DIRECTIONS FOR THIS TASK – Lines before the one containing "Shaded Relief Panoramic" are to be left out; that line and every line after it, through the last line below, are to be reproduced exactly.

(DATASET Opens)

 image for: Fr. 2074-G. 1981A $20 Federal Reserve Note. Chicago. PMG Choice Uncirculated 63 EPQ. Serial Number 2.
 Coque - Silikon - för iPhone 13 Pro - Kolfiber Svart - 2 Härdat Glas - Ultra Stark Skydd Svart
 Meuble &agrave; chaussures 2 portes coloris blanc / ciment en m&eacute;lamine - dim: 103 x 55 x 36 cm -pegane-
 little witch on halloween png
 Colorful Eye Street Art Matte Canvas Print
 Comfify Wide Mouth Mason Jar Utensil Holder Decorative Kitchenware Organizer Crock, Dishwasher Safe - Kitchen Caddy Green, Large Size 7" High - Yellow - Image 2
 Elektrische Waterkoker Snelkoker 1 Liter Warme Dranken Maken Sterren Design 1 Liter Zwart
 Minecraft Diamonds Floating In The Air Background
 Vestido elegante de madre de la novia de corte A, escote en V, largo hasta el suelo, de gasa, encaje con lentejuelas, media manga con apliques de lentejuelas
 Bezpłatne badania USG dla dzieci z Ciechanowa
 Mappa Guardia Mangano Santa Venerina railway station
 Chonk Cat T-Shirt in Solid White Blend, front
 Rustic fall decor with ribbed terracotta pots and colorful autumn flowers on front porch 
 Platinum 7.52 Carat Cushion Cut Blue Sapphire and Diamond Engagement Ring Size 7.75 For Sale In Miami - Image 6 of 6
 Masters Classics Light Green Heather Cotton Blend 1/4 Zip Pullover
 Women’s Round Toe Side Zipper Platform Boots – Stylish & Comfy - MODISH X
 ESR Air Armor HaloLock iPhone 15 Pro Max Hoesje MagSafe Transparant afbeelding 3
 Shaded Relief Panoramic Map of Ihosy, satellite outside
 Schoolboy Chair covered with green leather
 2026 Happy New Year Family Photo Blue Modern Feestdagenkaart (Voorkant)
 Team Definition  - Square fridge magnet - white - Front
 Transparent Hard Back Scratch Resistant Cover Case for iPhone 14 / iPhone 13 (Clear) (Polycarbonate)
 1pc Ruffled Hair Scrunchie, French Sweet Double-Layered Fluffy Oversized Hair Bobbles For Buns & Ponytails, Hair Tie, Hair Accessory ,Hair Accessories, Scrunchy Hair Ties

(DATASET Closes)

ANSWER BOX –
 Shaded Relief Panoramic Map of Ihosy, satellite outside
 Schoolboy Chair covered with green leather
 2026 Happy New Year Family Photo Blue Modern Feestdagenkaart (Voorkant)
 Team Definition  - Square fridge magnet - white - Front
 Transparent Hard Back Scratch Resistant Cover Case for iPhone 14 / iPhone 13 (Clear) (Polycarbonate)
 1pc Ruffled Hair Scrunchie, French Sweet Double-Layered Fluffy Oversized Hair Bobbles For Buns & Ponytails, Hair Tie, Hair Accessory ,Hair Accessories, Scrunchy Hair Ties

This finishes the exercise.